Study protocol for an investigation of the effectiveness of the pain toolkit for people with low back pain: double-blind randomised controlled trial

INTRODUCTION: The Pain Toolkit is a self-management tool for people with persistent pain. It is available for use worldwide in multiple formats. To date, no studies have investigated the effectiveness of this intervention. This study aims to investigate the effectiveness of the Pain Toolkit in comparison with a simple education control for people with low back pain. METHODS AND ANALYSIS: Participants who have been discharged from the North of England Regional Back Pain Pathway will be randomised using sealed, consecutively numbered opaque envelopes to receive either the Pain Toolkit and the Back Book (intervention group) or the Back Book only (control group). Both the therapist and the participant will be blind to group allocation. The primary outcome measure will be disability (Oswestry Disability Index (ODI)). Secondary outcome measures will be pain (0–10 numerical scale), healthcare use (number of healthcare professional visits) and quality of life (EuroQol-5D). Outcome measures will be completed at baseline and at 6 and 12 months. Data will be analysed using analysis of covariance, adjusting for baseline values. A change of 10 points in the ODI will be considered a clinically important change. Additionally, a subsample of participants from the intervention group will undergo semistructured interviews to explore individuals’ experience of the Pain Toolkit.

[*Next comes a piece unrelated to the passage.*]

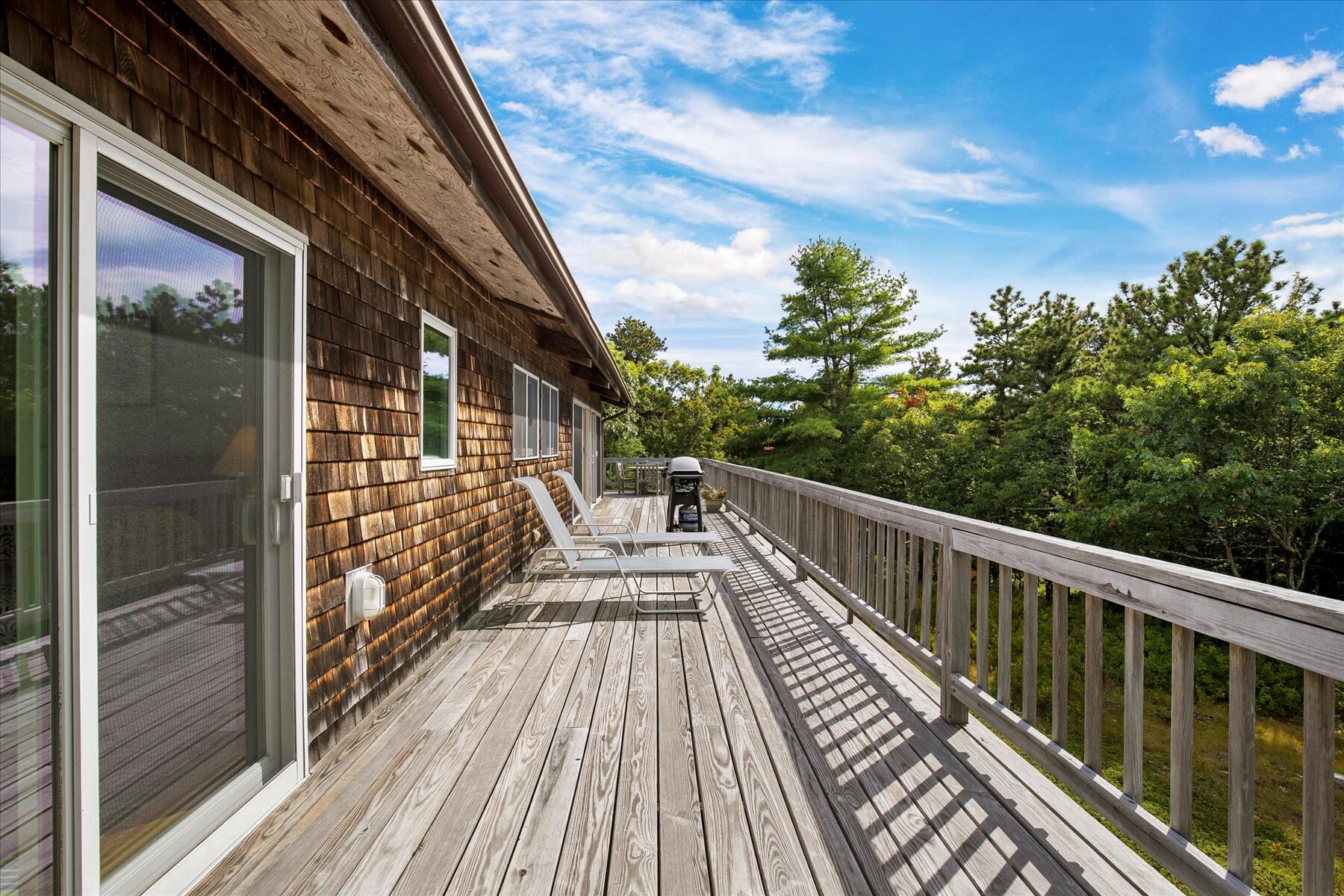 19 Avery Way Truro, MA 02666 - Photo 23 of 50 a view of balcony with wooden floor and fence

Participants will be asked questions about the ease of use and acceptability of the Pain Toolkit and also for how long they used the Toolkit. The qualitative data will be analysed using thematic analysis. ETHICS AND DISSEMINATION: Approval for the study was given by the Health Research Authority and the North East Newcastle, North Tyneside 2 Regional Ethics Committee (reference 18/NE/0144) and Teesside University (reference 176/17). Findings will be disseminated through peer-reviewed journals and presentation at relevant patient groups, and local, national and international conferences. TRIAL REGISTRATION NUMBER: NCT03791164; Pre -results.